By Emma Pinedo
MADRID (Reuters) – Spain will ease its restrictions on free speech, the government said on Tuesday, in response to a nationwide furore over a rapper ordered jailed over a song and tweets.
A change in the law would not by itself prevent the jailing of Pablo Hasel, who has been ordered to surrender by the end of this week to serve a nine-month prison sentence imposed in 2018 under a security law known in Spain as the “gag law”. He has said he will not turn himself in.
Hasel’s lyrics and tweets, which included references to banned guerrilla groups, compared a court to Nazis and called former king Juan Carlos a mafia capo, were found under the 2015 law to have encouraged violence and insulted the monarchy.
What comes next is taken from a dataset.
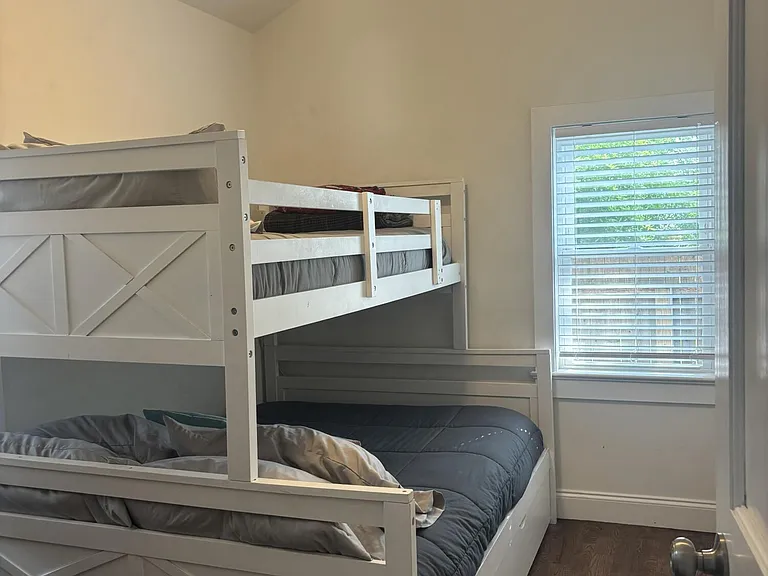 606 Hammond Ave — Photo 14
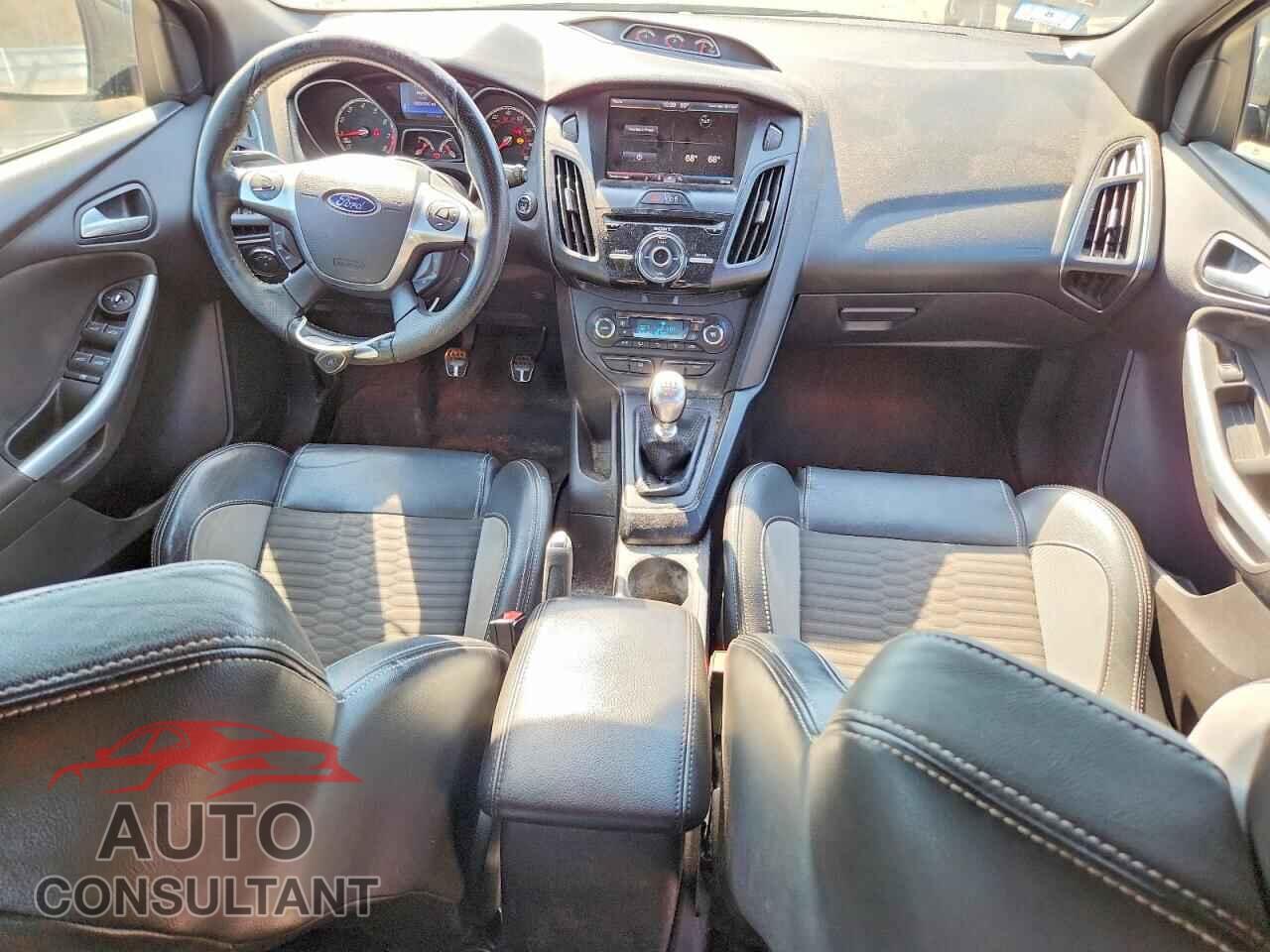 FORD FOCUS 2013 - 1FADP3L95DL178862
More than 200 artists, including film director Pedro Almodovar, actor Javier Bardem and singer Joan Manuel Serrat, have signed a petition against Hasel’s jailing, calling for the law to be changed. Hasel’s supporters have demonstrated demanding he not be jailed.
Government spokeswoman Maria Jesus Montero said that in response to the Hasel case, the government had “expressed its willingness to provide a much more secure framework for freedom of expression”. The reform was in its early stages, she said.
In a statement, the leftist coalition government said the reform would introduce milder penalties rather than prison, and target only actions that “clearly involve the creation of a risk to public order or provoke some kind of violent conduct”.
Hasel, who is known for his radical leftist views and whose real name is Pablo Rivadulla, said in a tweet the government was doing nothing to prevent his imprisonment.
“With empty declarations like so many other false promises, they want to extinguish solidarity,” he wrote.
The 2015 law was enacted by a previous, rightwing government, which said it was needed to prevent the glorification of banned armed groups such as the Basque separatists ETA. It bans speech not only for glorifying violence, but also for insulting religions or the monarchy.
Opponents say it has been applied far too restrictively, imposing criminal penalties on legitimate criticism of the state. Amnesty International says around 70 people were convicted under the law in 2018 and 2019.
Another rapper fled to Belgium in 2018 after being sentenced to 3-1/2 years in prison on charges including insulting the monarchy and praising terrorist groups.
The artists’ petition likened Spain to countries such as Turkey or Morocco, where artists have been jailed.
“The imprisonment of Pablo Hasel makes even more evident the Sword of Damocles hanging over the heads of all public figures who dare to publicly criticise the actions of any of the state institutions,” it said.